I have been looking at S8 housing for about a year and have not pulled the trigger. But plan to in 2016. My assessment is that it takes a good business model to support it. Forgetting for the moment the low cost financing and tax credits.
I can only speak to Jacksonville S8.
The rent is guaranteed, that is huge. No collection, no late payments. Evictions are easier and less costly S8 will help you. There is a 2 year waiting list in Jacksonville to get a house, these people do not want to lose their place. There are good and bad people every where and you will run into some of each. Your maintenance costs will be higher, however you can use lower quality materials and labor. The numbers must also support property management. It is worth the expense to have someone who specializes in that market.

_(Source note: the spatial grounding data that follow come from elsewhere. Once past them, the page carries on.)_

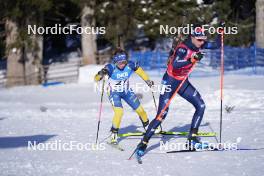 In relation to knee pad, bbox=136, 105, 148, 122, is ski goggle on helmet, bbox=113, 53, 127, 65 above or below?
above

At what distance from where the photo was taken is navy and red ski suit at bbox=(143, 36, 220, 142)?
9461 millimetres

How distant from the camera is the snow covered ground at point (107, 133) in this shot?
27.9 feet

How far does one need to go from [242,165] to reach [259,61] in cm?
1746

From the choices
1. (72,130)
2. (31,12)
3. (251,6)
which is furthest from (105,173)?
(251,6)

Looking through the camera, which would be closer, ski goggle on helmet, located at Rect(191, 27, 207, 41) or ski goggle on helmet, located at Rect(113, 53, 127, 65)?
ski goggle on helmet, located at Rect(191, 27, 207, 41)

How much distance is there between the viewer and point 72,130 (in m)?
13.0

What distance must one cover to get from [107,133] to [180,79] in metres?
3.41

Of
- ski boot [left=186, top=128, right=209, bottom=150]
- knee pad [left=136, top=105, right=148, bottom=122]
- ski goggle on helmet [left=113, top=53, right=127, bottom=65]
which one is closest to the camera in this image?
ski boot [left=186, top=128, right=209, bottom=150]

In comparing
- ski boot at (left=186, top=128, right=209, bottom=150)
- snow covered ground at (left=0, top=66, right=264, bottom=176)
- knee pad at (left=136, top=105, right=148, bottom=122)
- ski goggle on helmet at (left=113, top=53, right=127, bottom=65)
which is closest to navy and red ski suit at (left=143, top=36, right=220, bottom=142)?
ski boot at (left=186, top=128, right=209, bottom=150)

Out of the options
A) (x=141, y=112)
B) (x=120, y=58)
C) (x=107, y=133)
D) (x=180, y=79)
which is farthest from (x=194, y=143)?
(x=107, y=133)

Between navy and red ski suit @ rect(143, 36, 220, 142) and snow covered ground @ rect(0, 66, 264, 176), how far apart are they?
0.69 meters

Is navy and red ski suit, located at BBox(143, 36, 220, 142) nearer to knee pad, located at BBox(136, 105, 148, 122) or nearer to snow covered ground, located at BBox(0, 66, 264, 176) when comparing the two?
snow covered ground, located at BBox(0, 66, 264, 176)

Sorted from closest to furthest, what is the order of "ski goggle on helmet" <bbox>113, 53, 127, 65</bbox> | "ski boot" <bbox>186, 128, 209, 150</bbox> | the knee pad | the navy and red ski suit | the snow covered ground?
1. the snow covered ground
2. the navy and red ski suit
3. "ski boot" <bbox>186, 128, 209, 150</bbox>
4. "ski goggle on helmet" <bbox>113, 53, 127, 65</bbox>
5. the knee pad

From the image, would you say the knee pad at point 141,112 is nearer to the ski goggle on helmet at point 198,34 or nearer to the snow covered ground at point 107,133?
the snow covered ground at point 107,133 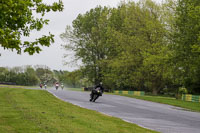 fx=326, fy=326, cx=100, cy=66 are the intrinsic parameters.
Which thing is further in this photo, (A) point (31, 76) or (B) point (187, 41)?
(A) point (31, 76)

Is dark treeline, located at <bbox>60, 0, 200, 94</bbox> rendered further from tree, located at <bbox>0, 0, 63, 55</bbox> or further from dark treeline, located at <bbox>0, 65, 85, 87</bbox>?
tree, located at <bbox>0, 0, 63, 55</bbox>

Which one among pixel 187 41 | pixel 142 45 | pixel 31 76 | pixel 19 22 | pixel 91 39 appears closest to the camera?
pixel 19 22

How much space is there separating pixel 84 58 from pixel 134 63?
48.5ft

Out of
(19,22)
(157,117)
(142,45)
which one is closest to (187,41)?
(142,45)

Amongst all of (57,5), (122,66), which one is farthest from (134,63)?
(57,5)

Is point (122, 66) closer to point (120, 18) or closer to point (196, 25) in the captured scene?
point (120, 18)

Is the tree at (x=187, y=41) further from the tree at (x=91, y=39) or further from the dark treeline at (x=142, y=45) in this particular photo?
the tree at (x=91, y=39)

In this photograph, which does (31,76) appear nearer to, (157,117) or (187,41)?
(187,41)

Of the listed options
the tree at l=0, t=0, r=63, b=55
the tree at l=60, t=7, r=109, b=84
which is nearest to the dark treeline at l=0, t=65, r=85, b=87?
the tree at l=60, t=7, r=109, b=84

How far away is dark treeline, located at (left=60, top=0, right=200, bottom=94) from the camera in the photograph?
40594 mm

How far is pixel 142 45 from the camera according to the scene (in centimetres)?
5322

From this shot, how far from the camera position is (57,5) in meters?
11.0

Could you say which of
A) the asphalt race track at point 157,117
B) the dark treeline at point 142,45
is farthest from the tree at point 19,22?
the dark treeline at point 142,45

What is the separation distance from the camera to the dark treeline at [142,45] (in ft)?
133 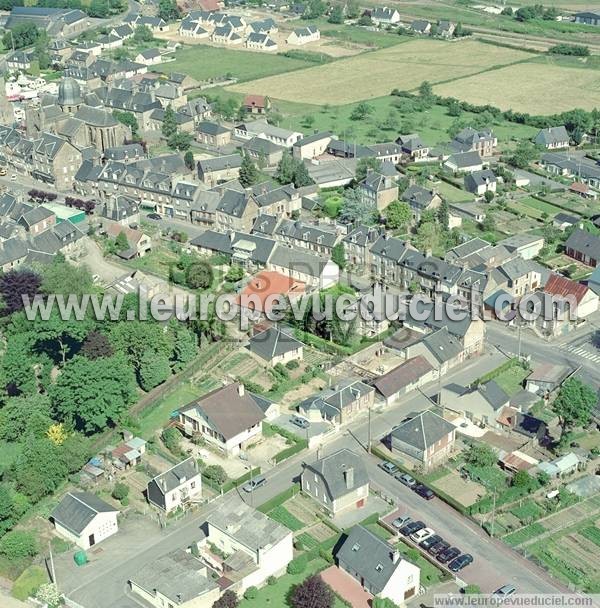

Appreciation is unimportant to me. These are all about cash flow. I would take cash in hand over the promise of equity in a building. You would need to borrow money from a bank or liquidate the building to get at the money.
I think equity is a fallacy, if you own the building outright then that is one thing. In the event of crisis like 2007, you would be better off with less equity. If you have greater cash flow, in a down turn you would be more likely to be able to cover the debt service. In the event you can not cover the debt, it will be unlike you will be able to sell the property. The cap rate will not be sufficient to another investor to buy. In this example the cash flow, would still be high enough to cover the debt and ride out the crisis. Furthermore, the bank would foreclose on the property with equity first.